Entretanto as críticas mais duras ao governo são feitas no conto A Embaixada Americana, em que uma mulher repassa a perseguição sofrida pelo seu marido por parte do governo, o que resulta em sua evasão do país, a morte de seu filho e a sua presença na fila da embaixada em busca de um refúgio político. Adichie apresenta de forma direta a invasão da casa da personagem, a destruição dos seus pertences e as ameaças que sofre em virtude das publicações contra o governo por parte de seu marido jornalista.

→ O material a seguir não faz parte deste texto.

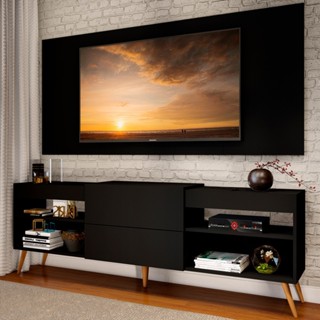 Rack com Painel TV Até 60 Polegadas Milão 1 Porta Preto - Pm em Oferta na Shopee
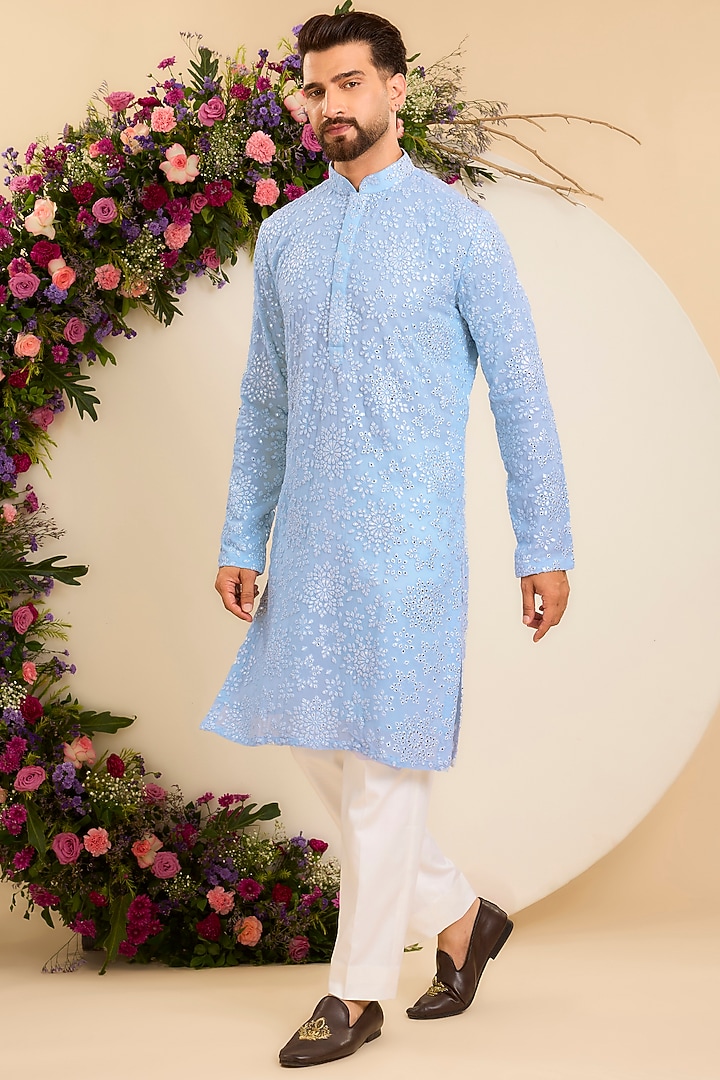 Powder Blue Georgette Mirror Work Chikankari Kurta by Kasbah Clothing at Pernia's Pop Up Shop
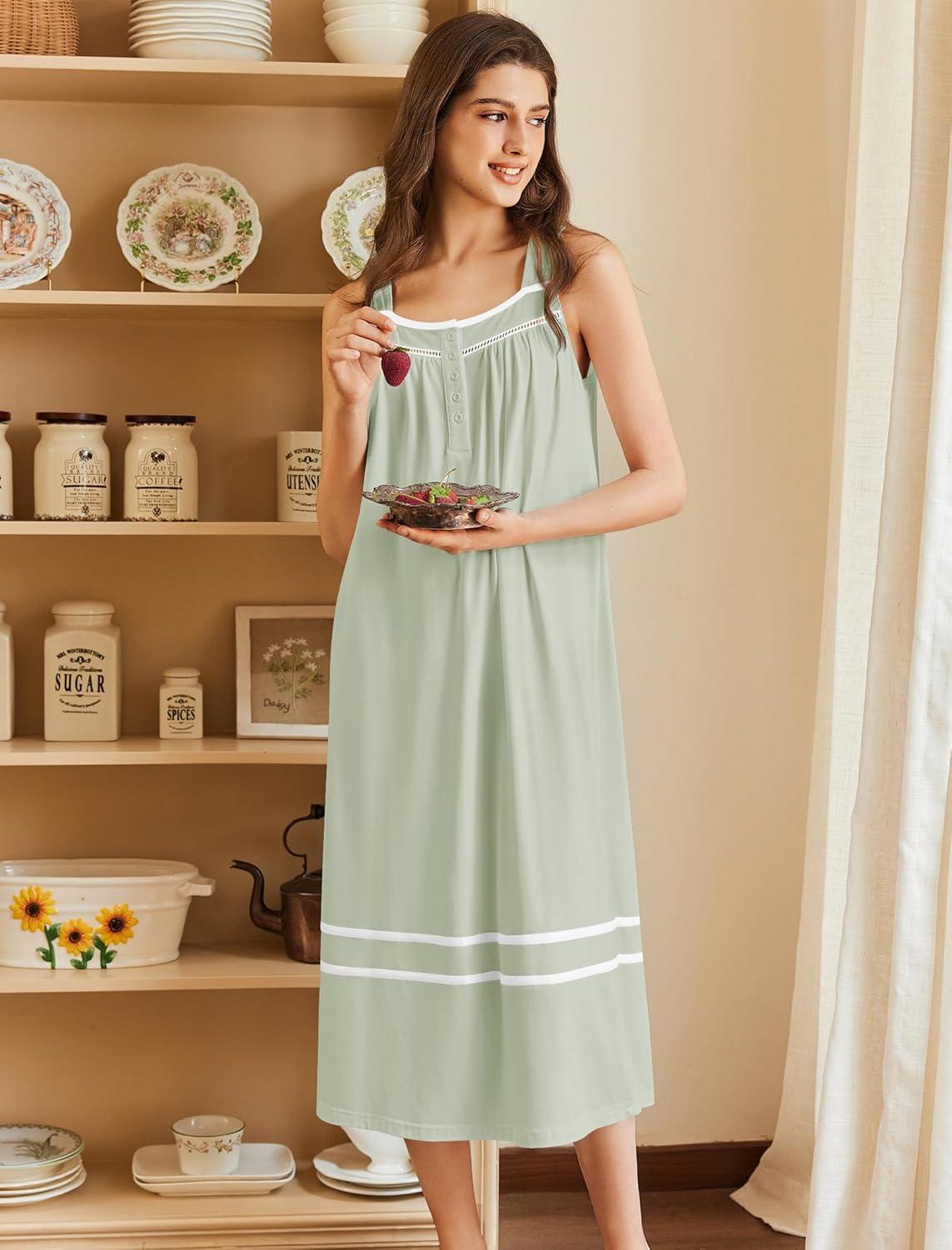 imageEkouaer Nightgowns for Women Cotton Long Night Gowns Sleeveless Sleep Dress Victorian Nightdress Ladies Sleepwear XS4XLLight Green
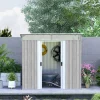 Outsunny 6.5 x 4FT Galvanised Metal Shed with Foundation Kit, Lockable Tool Garden Shed with Double Sliding Doors, Vents, Light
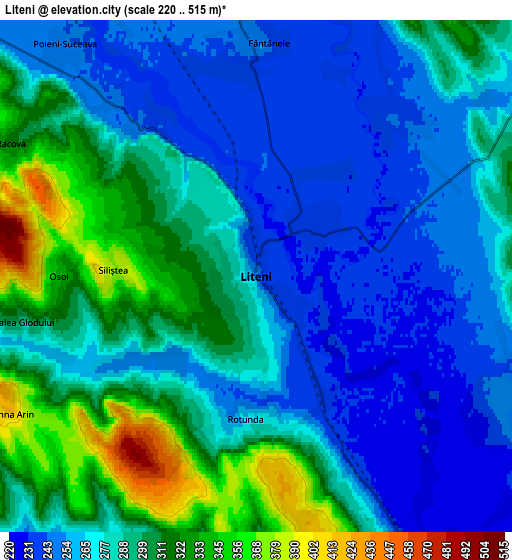 Zoom OUT 2x Liteni, Romania elevation map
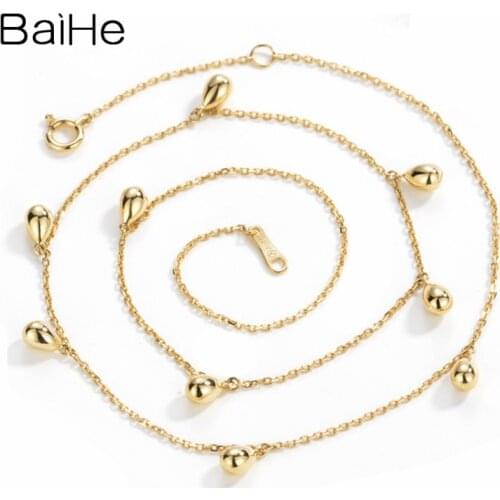 BAIHE Solid 18K Yellow Gold Women Wedding Engagement Trendy Fine Jewelry Elegant unique Gift Beautiful water drops Necklaces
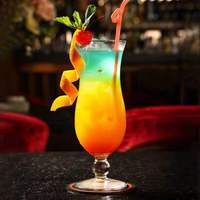 Gelas Hurricane Tinggi dengan Batang Bulat dan Tepi Melebar, Perlengkapan Minuman Koktail Tiki, Gelas Bar untuk Penggunaan di Rumah, Bar, dan Pesta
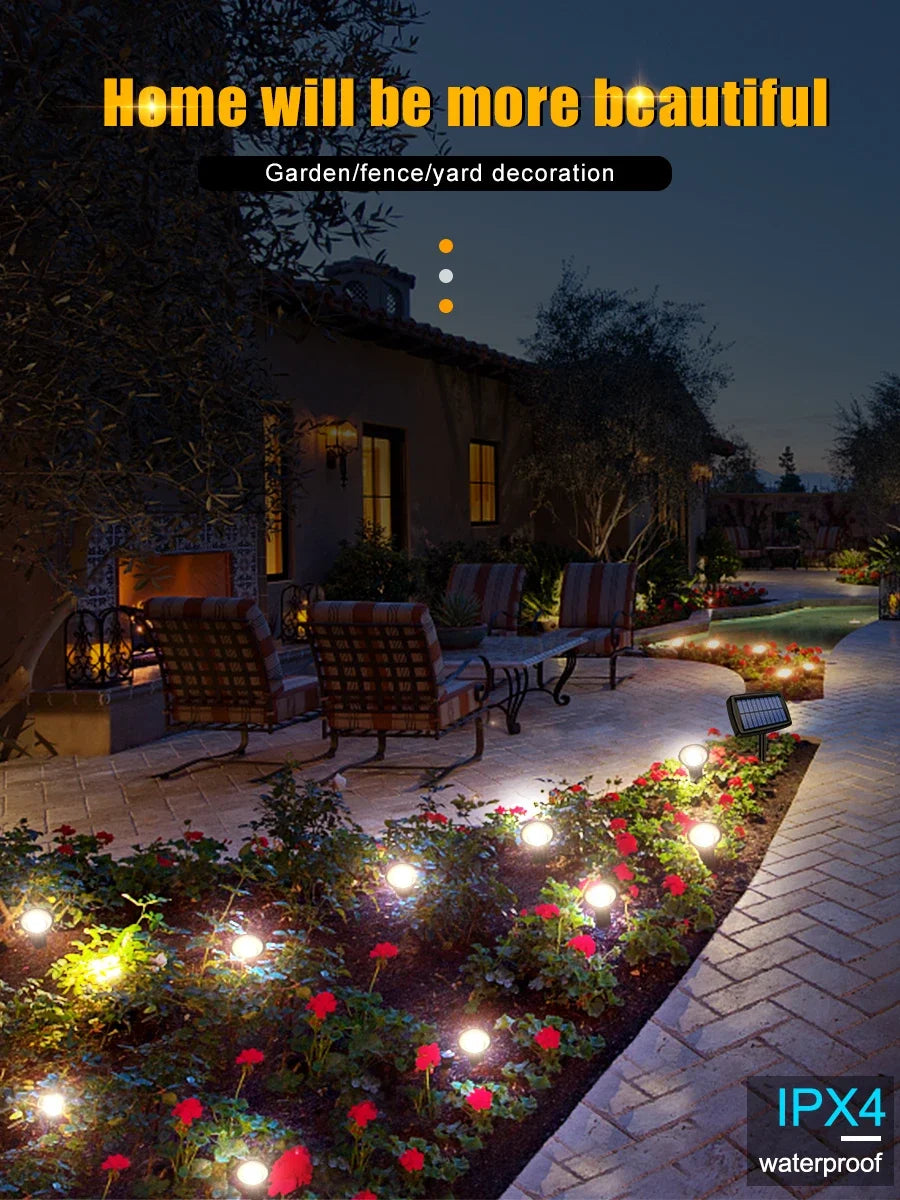 10-in-1 solar floor lamp outdoor waterproof solar garden lamp walkway, driveway decorative landscape lighting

Todos que apoiavam a imprensa pró-democracia conheciam seu marido, especialmente por ele ter sido o primeiro jornalista a dizer publicamente que a tentativa de golpe era uma farsa, a escrever uma matéria acusando o general Abacha de inventar um golpe para poder matar e prender seus oponentes. (ADICHIE, 2009)
A notoriedade entretanto não é suficiente, de forma que as suas denúncias resultam em uma intensa repressão policial, com a invasão de sua casa e o assassinato acidental de seu filho.

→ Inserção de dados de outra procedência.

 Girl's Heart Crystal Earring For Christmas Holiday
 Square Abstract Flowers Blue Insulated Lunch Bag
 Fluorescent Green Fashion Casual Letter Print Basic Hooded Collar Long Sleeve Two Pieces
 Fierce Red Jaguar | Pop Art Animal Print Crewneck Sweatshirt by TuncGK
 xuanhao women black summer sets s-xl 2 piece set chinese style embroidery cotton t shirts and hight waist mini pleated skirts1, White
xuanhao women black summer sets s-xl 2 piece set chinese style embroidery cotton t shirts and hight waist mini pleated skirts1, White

O texto não poupa críticas ao governo por meio do jornalista que descreve um artigo de nome “O governo de Abacha até agora: de 1993 a 1997” no qual denuncia que o governo “apenas compilara assassinatos, contratos não cumpridos e dinheiro desaparecido. Não era exatamente uma novidade para os nigerianos” (ADICHIE, 2009). Uma parte da sociedade é apresentada através de um interlocutor que exclama a coragem dos editores ao publicarem contra o governo determinando aqueles que não o fazem como “[o] verdadeiro problema deste país, não temos gente corajosa o suficiente” (ADICHIE, 2009), denotando assim uma insatisfação coletiva com o governo militar.
Em Uma experiência privada também são apresentadas críticas ao governo por meio da irmã da narradora, que acaba desaparecida no fim do conflito.
Imagina os olhos cor de cacau de Nnedi se iluminando, seus lábios se movendo depressa, explicando que as ondas de violência não acontecem do nada, que a religião e as etnias muitas vezes são politizadas porque o governante fica a salvo quando os governados famintos matam uns aos outros. (ADICHIE, 2009)
Mesmo assim, as personagens possuem perspectivas positivas e, alguns deles, mesmo diante da possibilidade de sair do país, optam por ficar e viver as suas vidas da forma como o faziam antes. A personagem de A Embaixada Americana opta por abandonar sua entrevista de visto para continuar no país que perseguiu seu marido e assassinou seu filho. Em uma situação análoga, o personagem de Fantasmas também possui a possibilidade de morar nos Estados Unidos com a sua filha, porém decide permanecer em seu país “[u]ma vida repleta disso que chamamos de ‘oportunidade’. Uma vida que não é para mim.” (ADICHIE, 2009)
“‘É uma vida boa, papai?’, Nkiru tem perguntado ultimamente por telefone, com aquele leve sotaque americano que me perturba um pouco. Não é boa, nem ruim, respondo; é apenas a minha vida. E é isso que importa” (ADICHIE, 2009)
Conclusão
“No seu pescoço”, por meio de uma narrativa de contos de diferentes épocas, apresenta a reconstrução de uma memória de um país marcado pela guerra e que ainda possui em seu cerne um povo segregado e insatisfeito. Apesar das contundentes críticas das personagens, estas por diversas vezes apresentam orgulho e uma sensação de pertencimento ao país. A construção, através da ficção, da história por vezes obscurecida de um povo é o que desperta a aproximação com o leitor e a possibilidade de entender um pouco da cultura e sociedade nigeriana por diversas pessoas ao redor do globo.
Referências:
ACHEBE, Chinua. There was a country: a personal history of Biafra. Nova York: Penguin Press, 2013.
ADICHIE, Chimamanda Ngozi. No seu pescoço. Rio de Janeiro: Rocco, 2009. Edição digital não paginada.